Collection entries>
────────

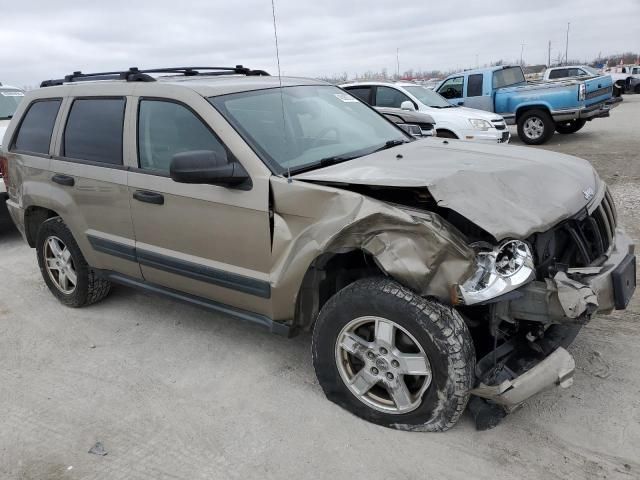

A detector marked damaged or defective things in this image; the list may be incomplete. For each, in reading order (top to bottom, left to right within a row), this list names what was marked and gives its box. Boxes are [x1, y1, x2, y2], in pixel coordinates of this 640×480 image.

damaged jeep suv [1, 66, 636, 432]
crumpled hood [296, 139, 600, 240]
broken headlight [452, 239, 536, 304]
crushed front end [450, 188, 636, 428]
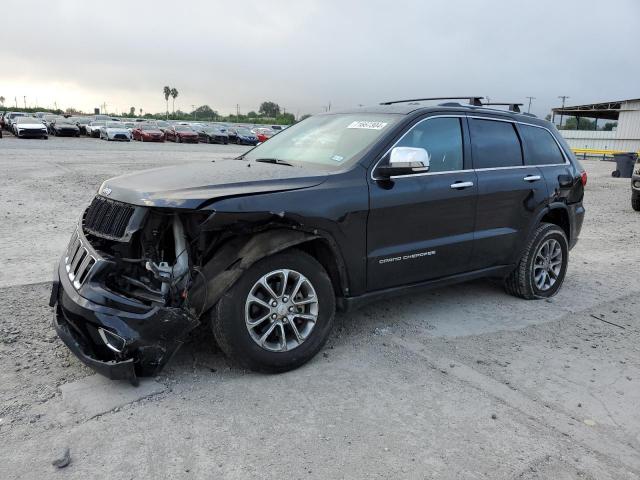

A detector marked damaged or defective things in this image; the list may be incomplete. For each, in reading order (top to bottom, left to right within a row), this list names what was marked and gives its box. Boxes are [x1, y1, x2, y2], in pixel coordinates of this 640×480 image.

damaged front bumper [51, 232, 198, 382]
crumpled front hood [101, 158, 330, 209]
damaged black jeep grand cherokee [50, 97, 584, 382]
exposed front wheel well [540, 207, 568, 242]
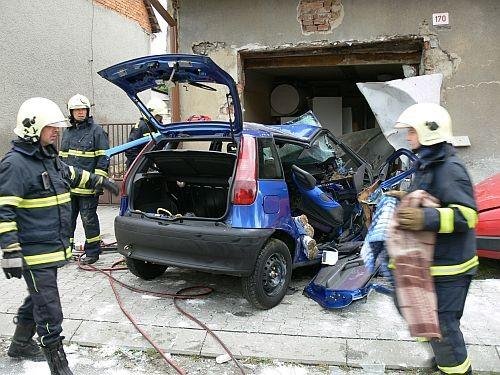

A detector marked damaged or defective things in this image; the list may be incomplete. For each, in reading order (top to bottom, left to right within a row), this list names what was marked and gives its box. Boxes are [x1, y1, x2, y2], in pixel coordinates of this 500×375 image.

damaged brick wall [93, 0, 152, 32]
damaged brick wall [296, 0, 344, 35]
crashed car [99, 54, 404, 310]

────────

What the task requires> Your output should be an exact copy of every line from the one containing "this 500×375 image." through the end of the records.

Expected answer>
A detector marked damaged or defective things in this image; the list may be incomplete. For each, in reading order (top to bottom, left to right within a row), this list names what was marked and gives its box. Boxes are [x1, y1, x2, y2], in pixel coordinates of this 500×375 image.

damaged brick wall [93, 0, 152, 32]
damaged brick wall [296, 0, 344, 35]
crashed car [99, 54, 404, 310]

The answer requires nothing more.